Source data

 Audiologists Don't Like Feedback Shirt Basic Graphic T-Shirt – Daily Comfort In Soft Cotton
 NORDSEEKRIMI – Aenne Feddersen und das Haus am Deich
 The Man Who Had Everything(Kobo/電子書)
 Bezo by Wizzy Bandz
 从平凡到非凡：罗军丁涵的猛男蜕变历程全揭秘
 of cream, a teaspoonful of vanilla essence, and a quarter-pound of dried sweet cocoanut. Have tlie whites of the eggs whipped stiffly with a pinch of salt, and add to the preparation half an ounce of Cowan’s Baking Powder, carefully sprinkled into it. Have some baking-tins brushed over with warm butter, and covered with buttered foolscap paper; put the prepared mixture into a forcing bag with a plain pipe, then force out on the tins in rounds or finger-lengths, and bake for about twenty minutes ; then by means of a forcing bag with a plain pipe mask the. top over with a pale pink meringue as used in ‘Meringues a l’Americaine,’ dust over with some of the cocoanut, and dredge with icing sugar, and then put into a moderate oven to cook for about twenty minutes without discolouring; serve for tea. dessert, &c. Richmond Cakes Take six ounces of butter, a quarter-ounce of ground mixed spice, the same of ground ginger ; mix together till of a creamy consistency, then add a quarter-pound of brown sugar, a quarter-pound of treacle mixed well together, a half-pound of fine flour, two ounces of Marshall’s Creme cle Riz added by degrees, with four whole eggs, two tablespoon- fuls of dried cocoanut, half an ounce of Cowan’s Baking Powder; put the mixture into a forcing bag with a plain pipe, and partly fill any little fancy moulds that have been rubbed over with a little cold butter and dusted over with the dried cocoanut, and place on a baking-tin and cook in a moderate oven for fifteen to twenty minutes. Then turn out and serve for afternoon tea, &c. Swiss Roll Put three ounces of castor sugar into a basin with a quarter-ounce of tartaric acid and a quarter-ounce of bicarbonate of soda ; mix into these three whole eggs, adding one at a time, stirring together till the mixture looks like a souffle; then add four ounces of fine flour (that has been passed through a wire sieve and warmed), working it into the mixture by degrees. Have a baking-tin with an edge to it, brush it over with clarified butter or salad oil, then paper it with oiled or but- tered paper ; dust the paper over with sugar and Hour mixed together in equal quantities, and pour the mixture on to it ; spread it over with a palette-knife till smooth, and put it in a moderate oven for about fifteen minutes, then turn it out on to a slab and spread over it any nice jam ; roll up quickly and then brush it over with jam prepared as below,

» WHAT IS NEEDED:
Reproduce the entries above in full, so that each one reads exactly as before.

» EXERCISE RESULT:
 Audiologists Don't Like Feedback Shirt Basic Graphic T-Shirt – Daily Comfort In Soft Cotton
 NORDSEEKRIMI – Aenne Feddersen und das Haus am Deich
 The Man Who Had Everything(Kobo/電子書)
 Bezo by Wizzy Bandz
 从平凡到非凡：罗军丁涵的猛男蜕变历程全揭秘
 of cream, a teaspoonful of vanilla essence, and a quarter-pound of dried sweet cocoanut. Have tlie whites of the eggs whipped stiffly with a pinch of salt, and add to the preparation half an ounce of Cowan’s Baking Powder, carefully sprinkled into it. Have some baking-tins brushed over with warm butter, and covered with buttered foolscap paper; put the prepared mixture into a forcing bag with a plain pipe, then force out on the tins in rounds or finger-lengths, and bake for about twenty minutes ; then by means of a forcing bag with a plain pipe mask the. top over with a pale pink meringue as used in ‘Meringues a l’Americaine,’ dust over with some of the cocoanut, and dredge with icing sugar, and then put into a moderate oven to cook for about twenty minutes without discolouring; serve for tea. dessert, &c. Richmond Cakes Take six ounces of butter, a quarter-ounce of ground mixed spice, the same of ground ginger ; mix together till of a creamy consistency, then add a quarter-pound of brown sugar, a quarter-pound of treacle mixed well together, a half-pound of fine flour, two ounces of Marshall’s Creme cle Riz added by degrees, with four whole eggs, two tablespoon- fuls of dried cocoanut, half an ounce of Cowan’s Baking Powder; put the mixture into a forcing bag with a plain pipe, and partly fill any little fancy moulds that have been rubbed over with a little cold butter and dusted over with the dried cocoanut, and place on a baking-tin and cook in a moderate oven for fifteen to twenty minutes. Then turn out and serve for afternoon tea, &c. Swiss Roll Put three ounces of castor sugar into a basin with a quarter-ounce of tartaric acid and a quarter-ounce of bicarbonate of soda ; mix into these three whole eggs, adding one at a time, stirring together till the mixture looks like a souffle; then add four ounces of fine flour (that has been passed through a wire sieve and warmed), working it into the mixture by degrees. Have a baking-tin with an edge to it, brush it over with clarified butter or salad oil, then paper it with oiled or but- tered paper ; dust the paper over with sugar and Hour mixed together in equal quantities, and pour the mixture on to it ; spread it over with a palette-knife till smooth, and put it in a moderate oven for about fifteen minutes, then turn it out on to a slab and spread over it any nice jam ; roll up quickly and then brush it over with jam prepared as below,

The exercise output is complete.